Tuesday, 15 July 2008

  • I could feel the sweat forming on my cold, clammy hands.

    I was so nervous.  You were my friend, I know.  But I had never danced with a girl before.  I'd only danced with a girl in my imagination, over and over again, holding my pillow in the dim light of my bedroom.  But now, two years after my first love, I found myself dancing with you -- a girl who reminded me a lot of her... except you didn't care what people thought of you and me going around together.  After all, you didn't have any friends either -- not real friends, at least.  Not like you were to me.  Not like I was to you.

    Katie.

    You were the girl who never quite fit into the upper-middle class gated neighborhood across the freeway from where I lived.  And I was the guy who never quite fit into the projects, where your parents forbade you from going to.  But you would come by anyway -- you got your license before I did, a few months earlier, right when you turned fifteen.  You would come and pick me up, and we'd drive to places the other kids wouldn't go.

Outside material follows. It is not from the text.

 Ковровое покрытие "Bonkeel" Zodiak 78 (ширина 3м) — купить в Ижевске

    There, on our hill by the water storage tank, that night overlooking the city far in the distance, I held your hand.  The first girl's hand I ever held.  And I put my other hand awkwardly around the small of your back.  You laughed, telling me that my hands were sweaty, and that I had sweat on the brow of my lip.  I kept my distance, six inches away from you.  And your pretty eyes, like sapphires reflecting the distant city lights, smiled at me.  You bit the corner of your lip, I remember that.  To this day, I remember that.

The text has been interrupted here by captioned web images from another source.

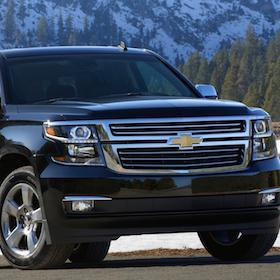 GoProTrans's profile picture. Headquartered in Park City, UT, ProTrans provides Salt Lake City Airport transportation to Park City, Deer Valley, Canyons and all winter resorts in Utah.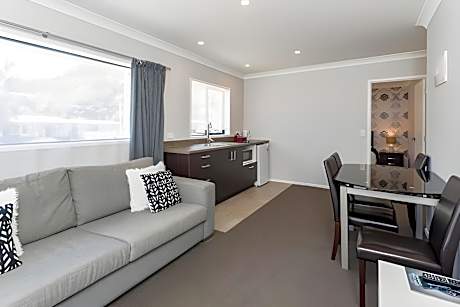 Comfort Class Double Room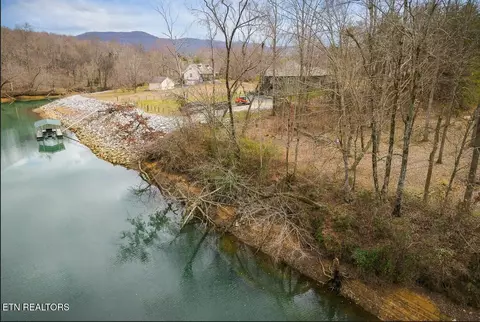 00 Hidden River Ln, Sparta, TN 38583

    I knew we would never be more than friends.  You would never be able to introduce me to your parents, and family was important to me.  After all, you had blond hair and blue eyes and fair skin, you were rich; and I was ethnic, with black hair and brown eyes, and my family was poor.  So we retreated from the world, to hang out with each other on our hill, in a place only we knew about where we could talk and be ourselves.

    Where, that night, I danced with you for the first time.


    "I love this song."  You told me, sitting side-by-side on the worn asphalt, leaning against the door of your car.  I thought it was funny, a rich girl and a ghetto boy listening to a country-folk ballad overlooking a city.

    "It always makes me want to dance."  I told you, swaying back and forth and knocking into your shoulder.  You laughed, pushing me away.  I was drunk.  I'd already blazed through one forty of Old English and was working on the second.

    "Let's dance."  I blurted out, my eyes closed, a second later catching myself.  OMG I couldn't believe what I just said. 

    I started to open my mouth to say that I was just kidding, but you spoke first.

    "Ok."  You laughed.  And you grabbed my hand.


    And a thousand sensations rushed through me all at once.



    And it's run for the roses
    As fast as you can
    Your fate is delivered
    Your moment's at hand
    It's the chance of a lifetime
    In a lifetime of chance
    And it's high time you joined
    In the dance
    It's high time you joined
    In the dance...




    Years of dancing practice in my mind helped.  And it didn't.  You weren't a pillow.  I tried my made-up Viennese Waltz.  That didn't work, I just ended up dragging you around, almost making you trip.  So we just stood there, our feet still, and we swayed back and forth.  I pushed up a little closer to you.  And you nudged up into me.  I couldn't see your face anymore, my chin against your ear.  But I could feel you smiling.

    And I started to sing along softly, trying to replicate a country twang.


    "Easy there, Nashville."  You smiled.

    "Shut up, I know you like it."  I teased, drunkenly.

    "Mm-hmm."  You turned into me a little.


    The nervousness was gone.  It was just comfortable now.  You and me, good friends sharing a moment together, having a dance together.  Good friends, in a more innocent time, before our lives became a place of wrath and of tears.  We had no idea that night what fate would befall us, and what terrible horrors the hand of life would bring to us in the coming years.  That night may have been the last night of pure, innocent love either of us would have for the rest of our lives. 

    That dance, our first dance, may have been the last pure, innocent thing either of would ever do for the rest of our lives.